Photo de Jean-Pierre SueurJean-Pierre Sueur :

À cet argument du respect de l’engagement pris, qui est un argument très fort, madame la garde des sceaux, j’en ajouterai plusieurs autres.

Dois-je vous rappeler que le Conseil constitutionnel a affirmé, dans sa décision du 18 novembre 1982, que « la qualité de citoyen ouvre le droit de vote et l’éligibilité dans des conditions identiques à tous ceux qui n’en sont pas exclus pour une raison d’âge, d’incapacité ou de nationalité, ou pour une raison tendant à préserver la liberté de l’électeur ou l’indépendance de l’élu » ?

Or notre amendement tend à respecter aussi bien la liberté de l’électeur que l’indépendance de l’élu, dans la mesure où il ne vise que des comportements malhonnêtes ayant été prouvés et condamnés lors de procès réguliers et contradictoires.

En outre, madame la garde des sceaux, nous n’entendons aucunement instaurer une peine. L’inscription d’une condamnation au bulletin n° 2 du casier judiciaire n’est pas une peine prononcée par le juge, mais la conséquence effective et de plein droit de cette condamnation sur le fondement du code de procédure pénale. Elle n’a en aucune façon le caractère d’une peine complémentaire, et le juge n’intervient que pour déroger à la règle en ordonnant une non-inscription. Il est donc inadéquat, monsieur le rapporteur, de qualifier de « punitif » le dispositif que nous proposons.

Enfin, si ces dispositions demeurent punitives aux yeux de certains, il faut rappeler que la jurisprudence constitutionnelle, que, madame la garde des sceaux, vous ne pouvez ignorer, a évolué depuis la censure de l’article 7 du code électoral, de sorte qu’il n’existe pas d’interdiction de principe des peines obligatoires.

Dans sa jurisprudence la plus récente, que vous connaissez très bien, le Conseil constitutionnel subordonne leur conformité au principe d’individualisation des peines en se fondant sur un certain nombre de critères, que remplit la condition d’éligibilité. En conséquence, si l’inscription d’une condamnation au bulletin n° 2 du casier judiciaire est de droit, elle n’est pas automatique, le juge pouvant à tout moment ordonner son omission.

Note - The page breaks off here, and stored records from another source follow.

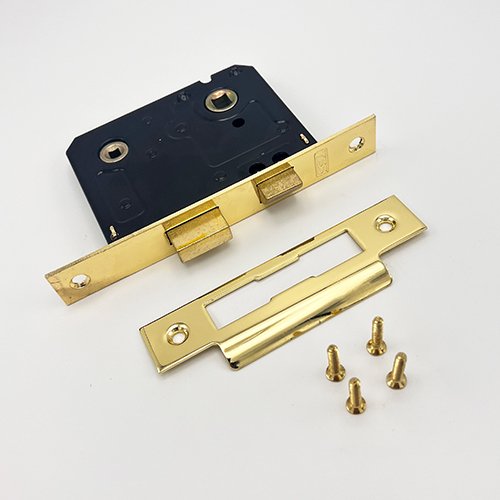TSS Bathroom Mortice Sashlock - Image 11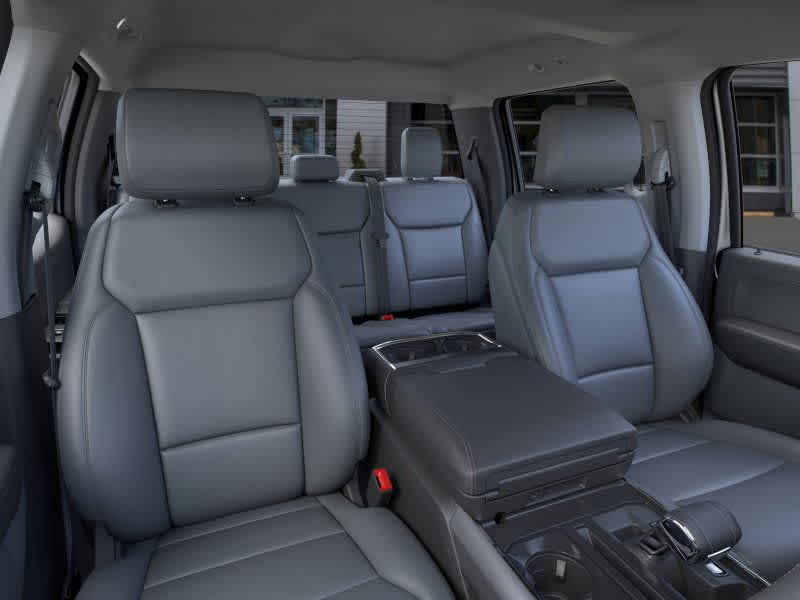 2025 Ford F-150 Lightning photo 10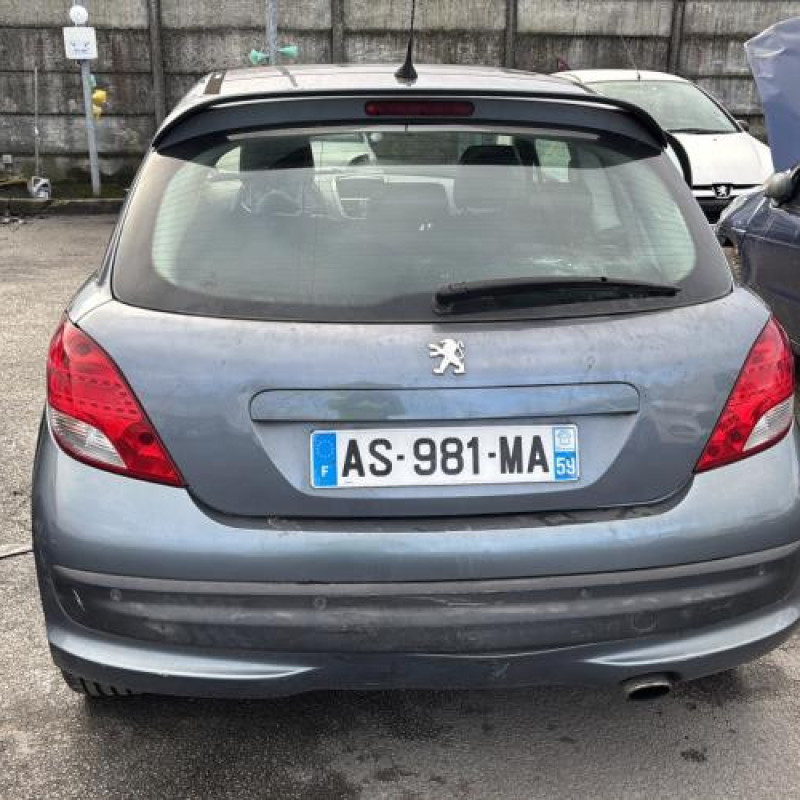 Boitier BSI PEUGEOT 207 Photo n°8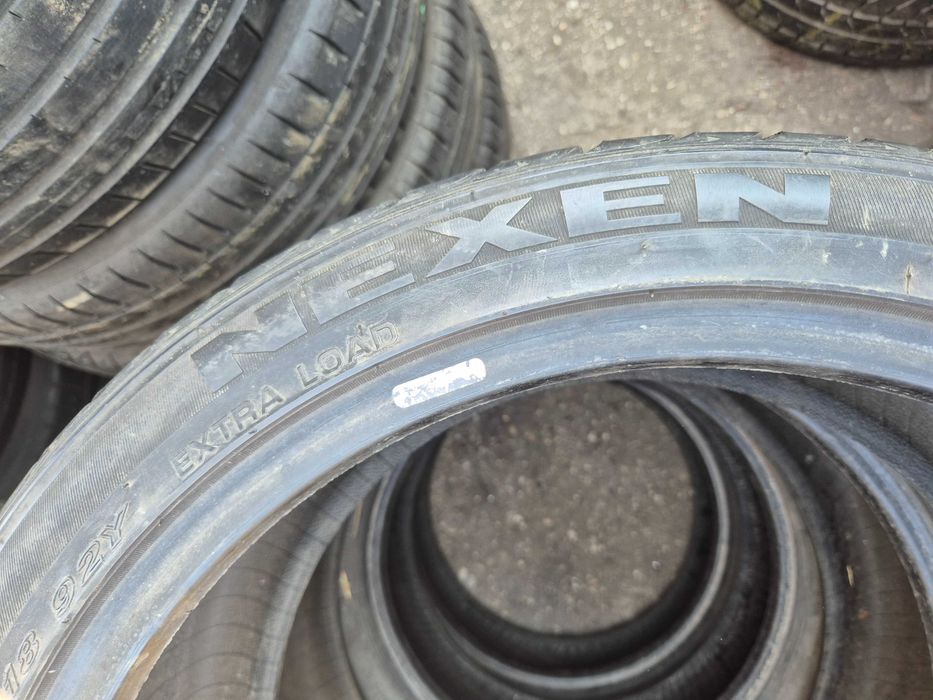 2 Anvelope de VARA - 225/40/18 - NEXEN - Stare F BUNA - DOT 2015 !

En définitive, il existe un lien manifeste entre, d’une part, l’infraction prise en compte pour apprécier l’éligibilité d’une personne et la gravité de celle-ci, et, d’autre part, l’exercice d’un mandat électif. J’espère, madame la garde des sceaux, que vous aurez été sensible à notre argumentation en faveur de l’amendement de M. Cabanel.